Saturday, February 16, 2008

Haswell Ch. 2 and 3

Richard H. Haswell's Gaining Ground in College Writing: Tales of Development and Interpretation, Chapter 2 "Three Interpretive Tales of Growth," and Chapter 3 "Maturing."

Although it is most likely due to a loss of engagement after a whole day of reading, I was much less enthused with Hasswell in the two chapters for this week's reading than I was last week with Chapter 1. I do understand his point, that the supposed decline, or decay or writing skills in students beyond the freshman comp class is actually more of a misinterpretation on the part of writing assessors, and that a new conception of maturation, growth and mature writing should be embraced for a truly developmental pedagogy, but I don't understand why I read so many pages just get that.
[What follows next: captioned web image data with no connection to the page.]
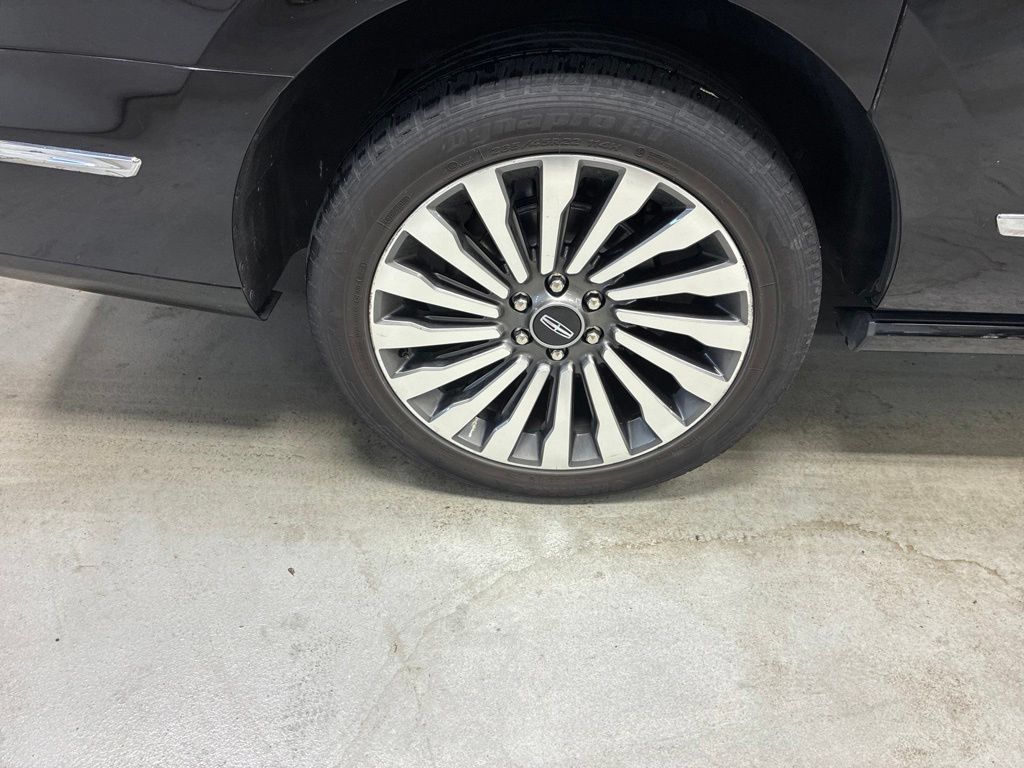 Used 2019 Lincoln Navigator L Reserve w/ Cargo Package AWD/4WD image 3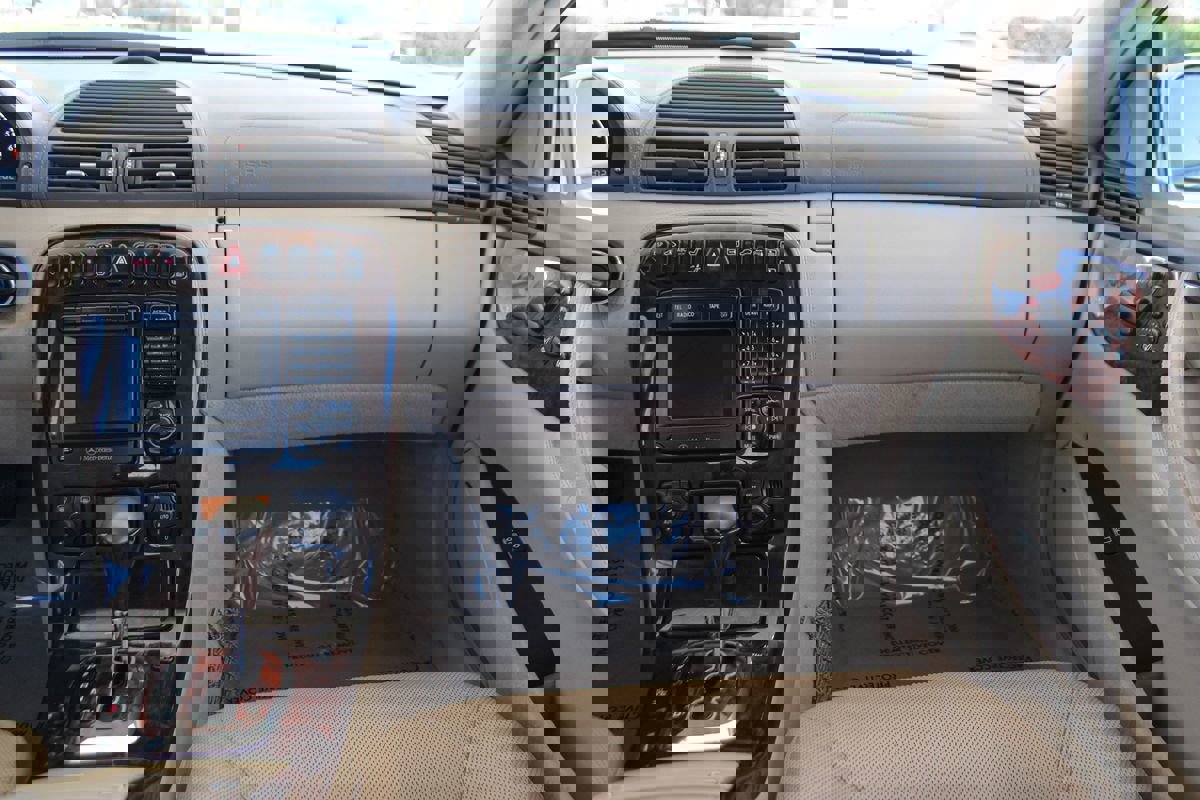 Used 2001 Mercedes-Benz CL 500 image 12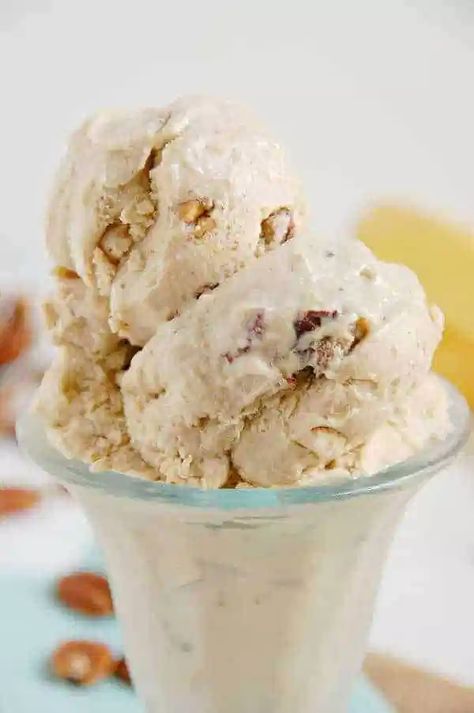 Caramelized Pecan Frozen Banana Ice Cream Recipe - My Natural Family Whole30 Dessert, Banana Nice Cream Recipes, Caramelised Banana, Pecan Milk, Whole 30 Dessert, Banana Ice Cream Recipe, Paleo Ice Cream, Caramelized Banana, Coconut Milk Ice Cream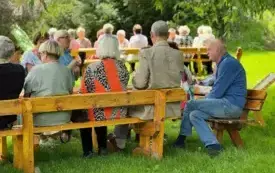 Piknik Senior&oacute;w w Śliwkowym Sadzie 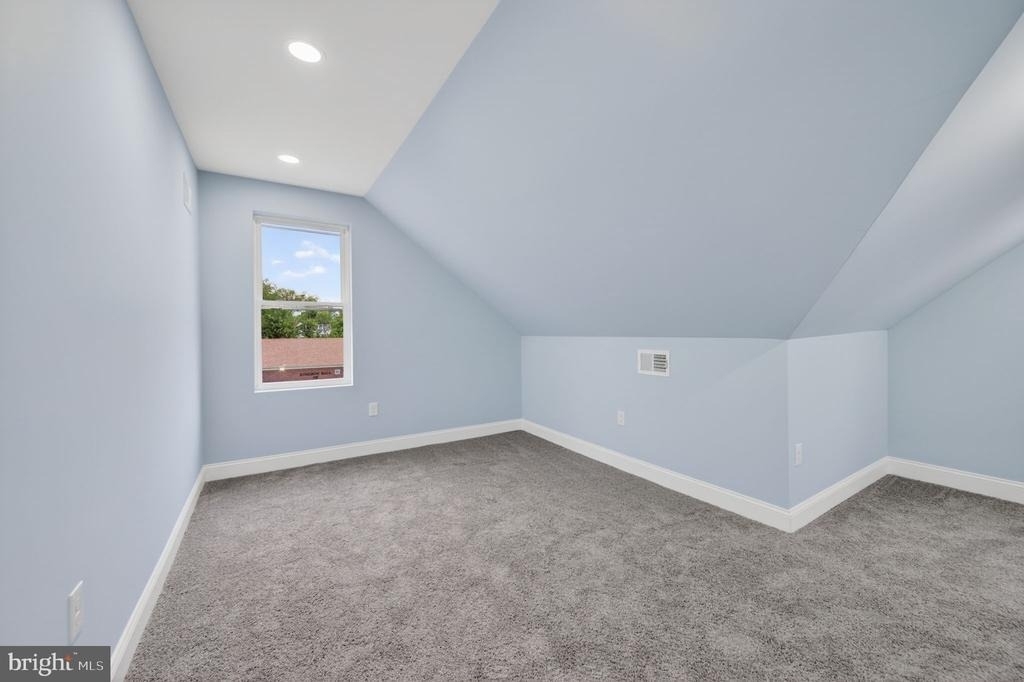 5306 Ethelbert Avenue - Photo 30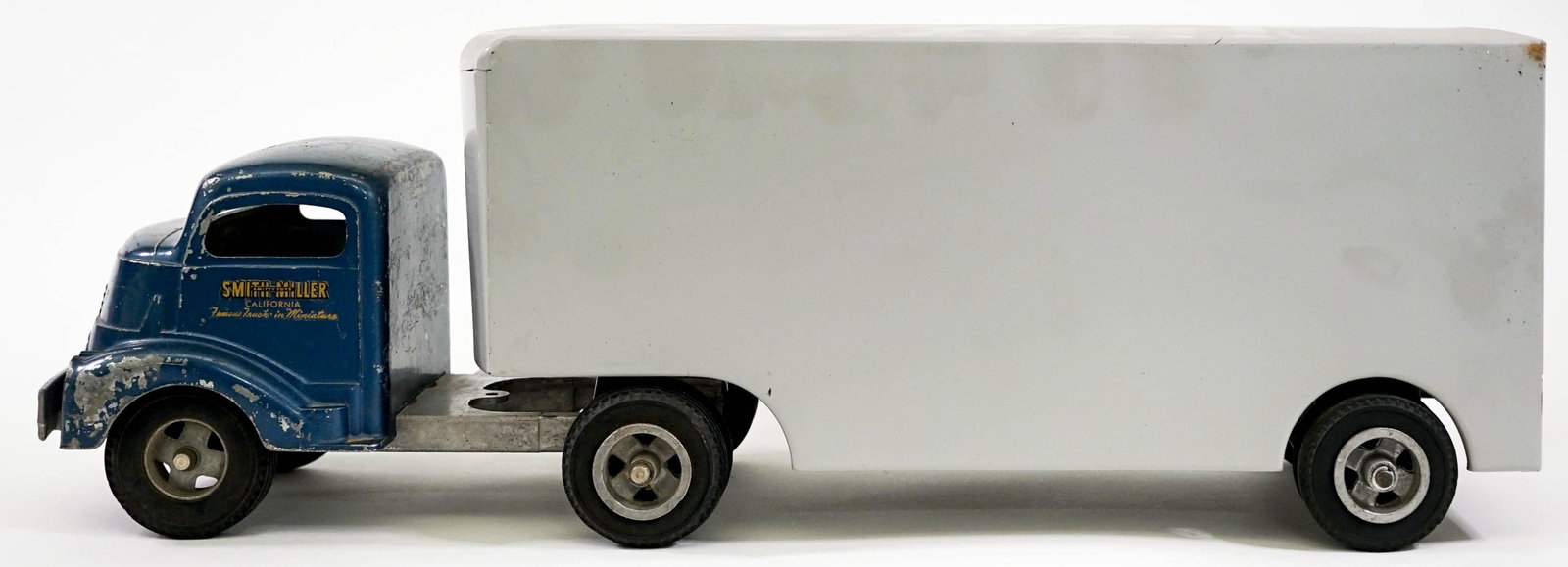 Smith-Miller Tractor Trailer (1 of 9)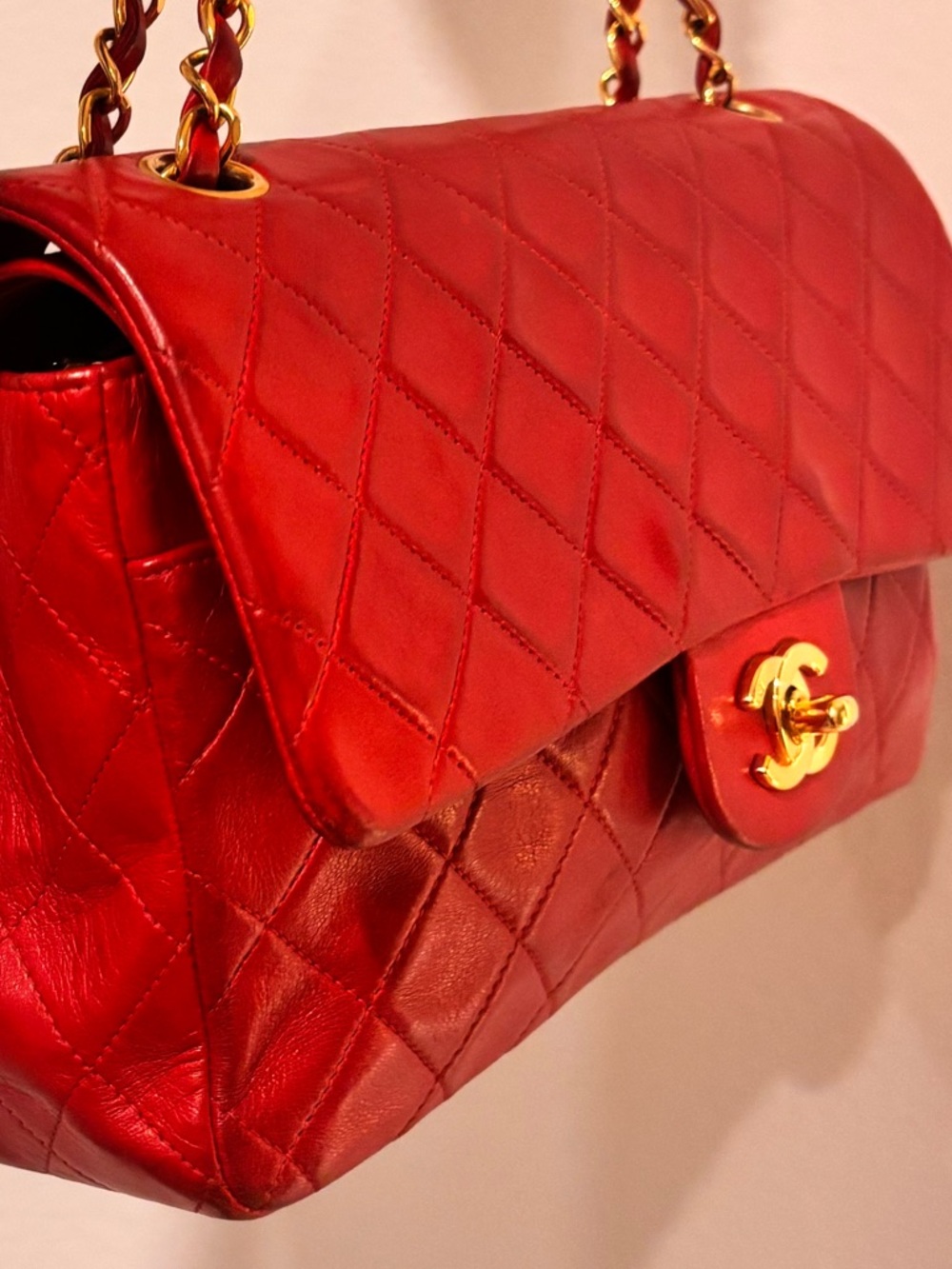 CHANEL Red Quilted Lambskin Shoulder Bag with Gold Hardware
I mean, sorry, I guess it's not "just," it's a very interesting position than he thoroughly explains and backs up, but damn, I'll just take his word for it--that shit was long. Sometimes reading is just too much work. What does that say for the maturation process of a student?

2 comments:

Mike Mannix said...

I peeped your blog to see what you had to say about this week's reading. I think he takes so long to develop his points because what he is presenting is pretty radical as far as writing instruction/assessment goes, especially coming from the high school level. He is not making any friends that I can tell with his dismantling of all that is considered holy, not to mention pissing of political types that think education has become too liberal....

David said...

As usual, Kendra, your thoughts hit the spot like torpedoes. I agree that he seems to stretch stuff out, but Michael is right, he's attacking sacred cows. Also, Haswell is interesting to me because he takes Comp and rhet really seriously as a discipline, and proceeds only insofar as his actual research will let him go. He's an empiricist at heart, and believes in "the research." That can make for dry, but it's also something I've come to respect, big time, over the years. What he can point to as "shown" is like a tether on him. It holds him in, sometimes kinda tight.